[Python-ideas] [Python-Dev] A bit about the GIL
Trent Nelson
trent at snakebite.org
Wed Apr 3 11:49:43 CEST 2013
On Tue, Apr 02, 2013 at 05:40:07PM -0700, Alfredo Solano MartÃnez wrote:
> > (There are two aspects to the work; the parallel stuff, which is the
> > changes to the interpreter to allow multiple threads to run CPython
> > internals concurrently, and the async stuff, which will be heavily
> > tied to the best IO multiplex option on the underlying platform
> > (IOCP on AIX, event ports on Solaris, kqueue on *BSD, epoll on
> > Linux, poll on everything else). The parallel stuff is pretty
> > platform agnostic, which is nice. (Aside from the thread/register
> > trick; but it appears as though most contemporary ISAs have some
> > way of doing the same thing.))
>
> That's a lot of things to do. Do you have a work breakdown structure or
> are you still putting the pieces together?
Work breakdown structure? That's far too organized ;-) I have an
end goal in mind and I'm just slowly hacking my way towards it (at
least for the Windows work).
> > The "no refcounting and nuke everything when done" aspect has
> > worked surprisingly well. Shared-nothing code executing in a
> > parallel thread absolutely flies. Mallocs are basically free,
> > frees are no-ops, no reference counting and no garbage
> > collection; everything gets released in a single call when we're
> > done.
>
> Glad to hear it, it's hard to make things simple. Actually, I have to
> say the GPU analogy is very good, with all but the main core acting as
> vector processors -and thus providing a sort of programmable pipeline
> for it- while the main core becomes the CPU. I would go definitely
> for that in future slides.
The GPU analogy seemed like a good idea when I was writing the PEP,
but the implementation has taken a slightly different path. There
is far less emphasis on the notion of vectorized/SIMD-style work; in
fact, I haven't implemented any of the 'parallel' type functions yet
(like a parallel map/reduce, or equivalents to the parallel stuff
exposed by multiprocessing).
That'll be all stuff to tackle down the track.

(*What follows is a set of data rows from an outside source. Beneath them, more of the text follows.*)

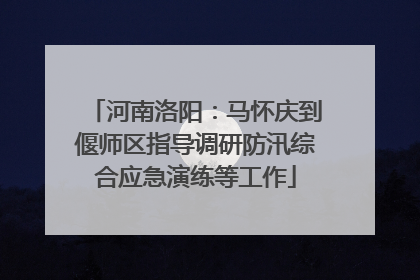 河南洛阳：马怀庆到偃师区指导调研防汛综合应急演练等工作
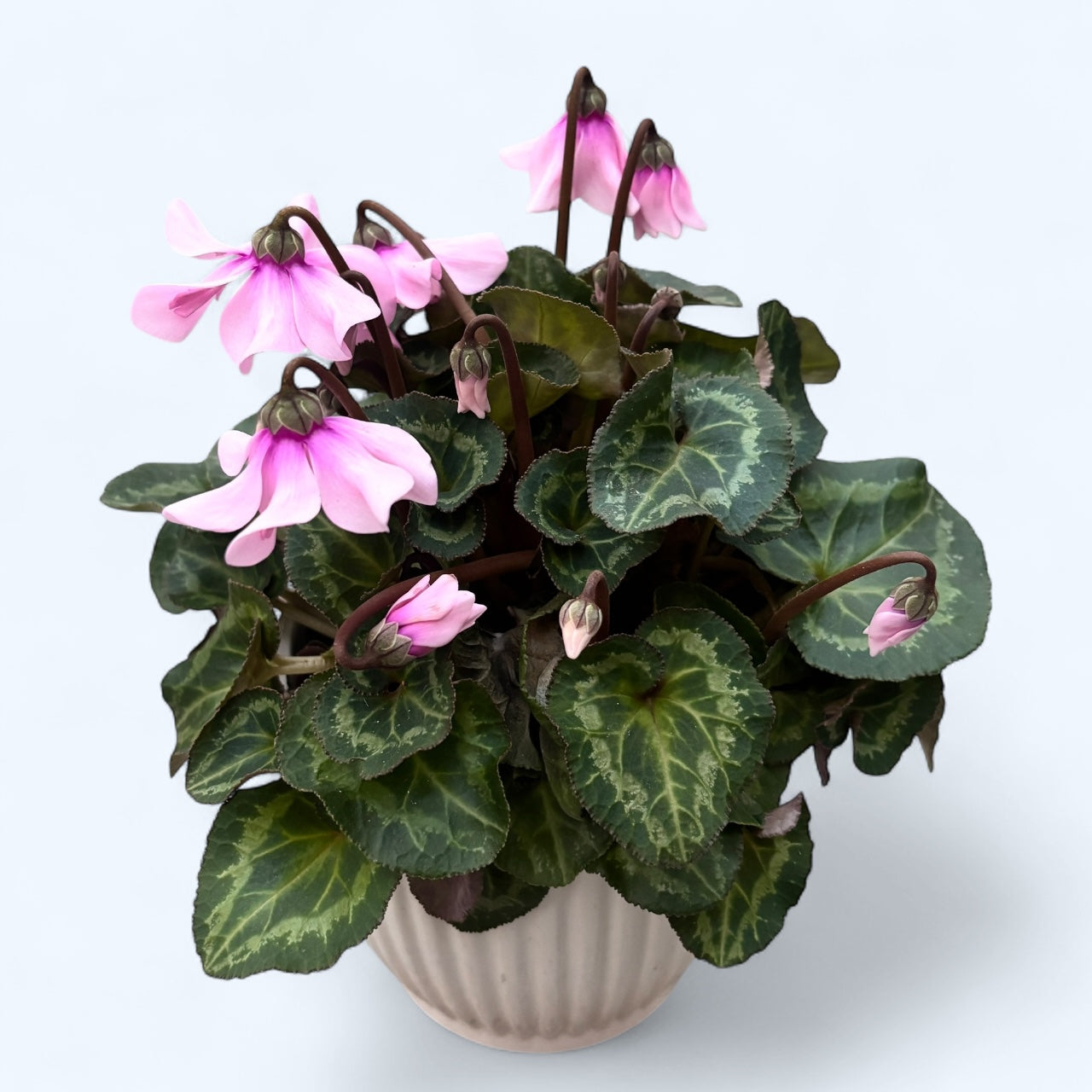 Cyclamen ‘Petticoat’
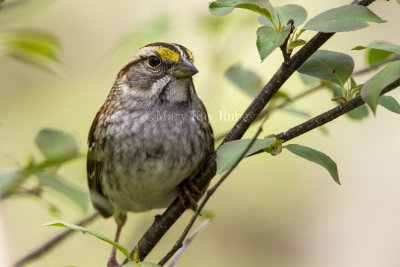 White-throated Sparrow _MKR4689.jpg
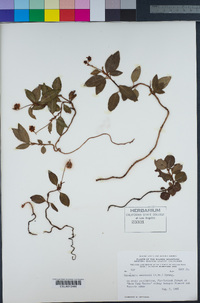 Chimaphila menziesii image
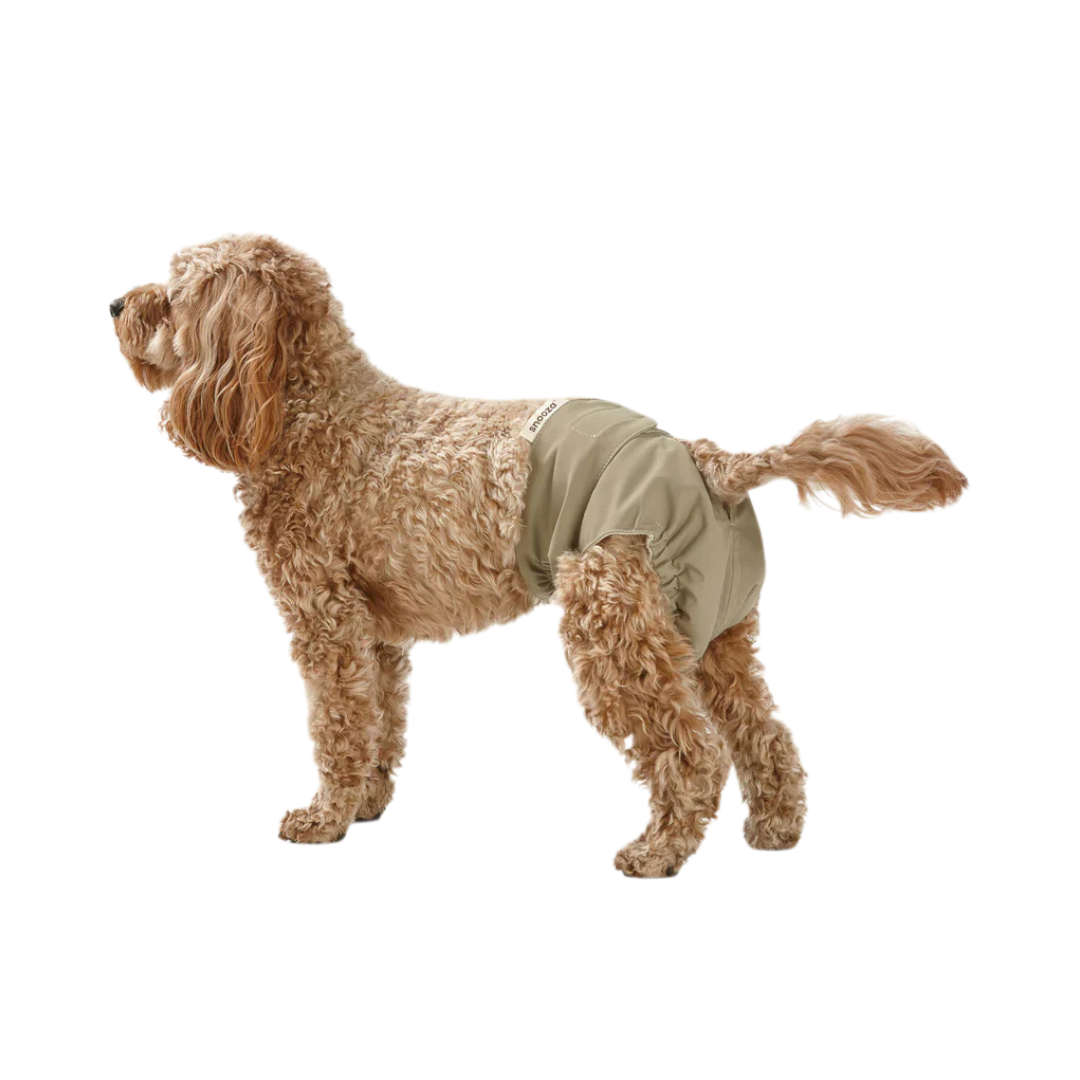 Washable Dog Nappy - Twin Pack for Female Dogs product image 1
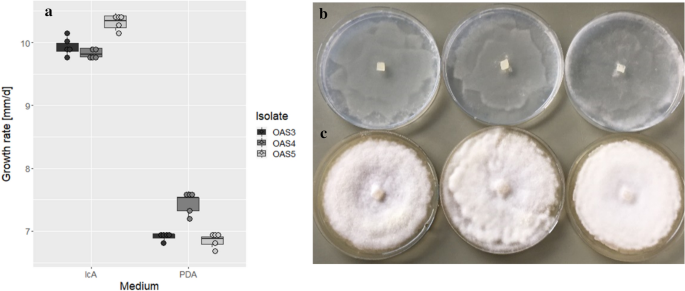 figure 232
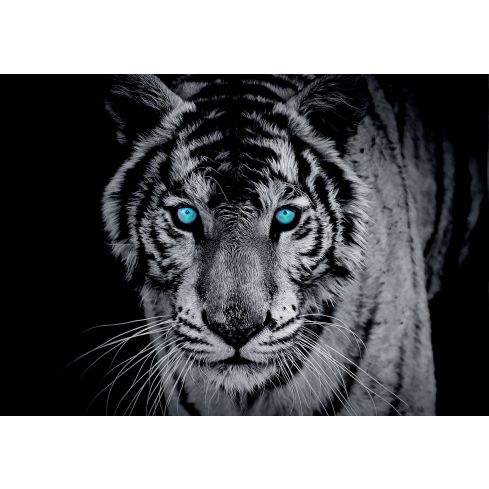 Zwierzęta Tygrys Niebieskie Oczy Portret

> In the case of the GPUs the copying of data from memory to card is
> usually a bottleneck, is there a big hit in performance here too?

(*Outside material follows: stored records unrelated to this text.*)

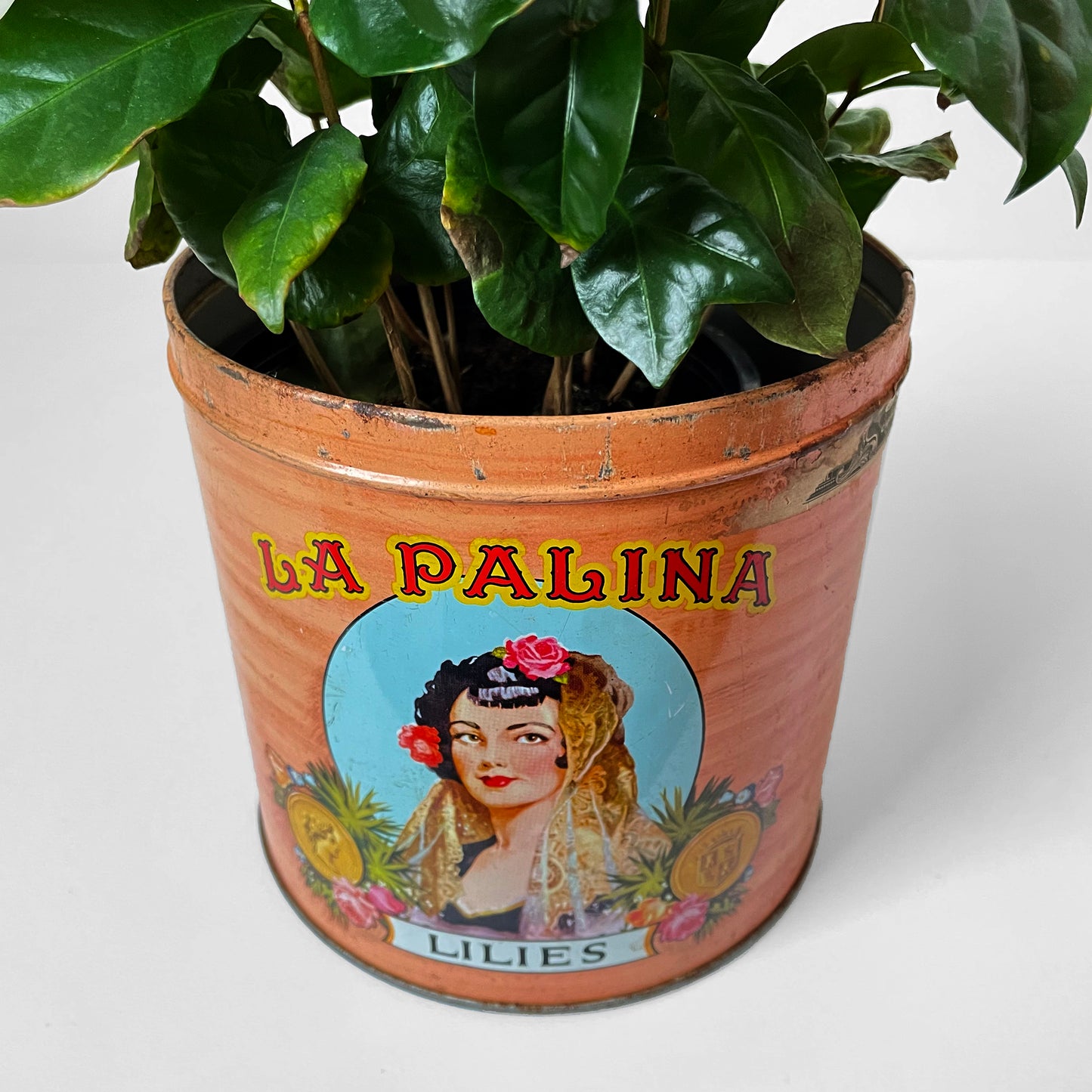 1960s La Palina Cigar Tin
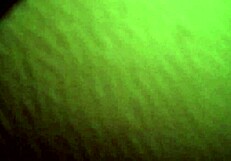 follando duro a mi novia cachonda en el motel toda la noche!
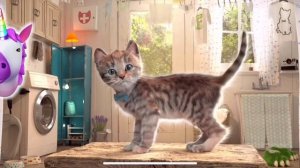 НОВЫЕ ПРИКЛЮЧЕНИЕ МАЛЕНЬКОГО КОТЕНКА в школе и дома - Выбираем игры с котиком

Well, as the current implementation doesn't really have anything
that reflects the GPU vector analogy in that draft PEP, no, not
really ;-)
(I should probably clarify again that the PEP I cited was hacked out
in a weekend before I started a lick of coding. The requirements
section is definitely useful, as it elicits the constraints I used
to drive my design decisions, but all of the sections that allude
to implementation details (like binding a thread to each core via
thread affinity, not having access to globals, introducing new op-
codes to achieve the parallel functionality) don't necessarily map
to how I've implemented things now. Once I've finished the work on
Windows I'll do an updated PEP.)
Trent.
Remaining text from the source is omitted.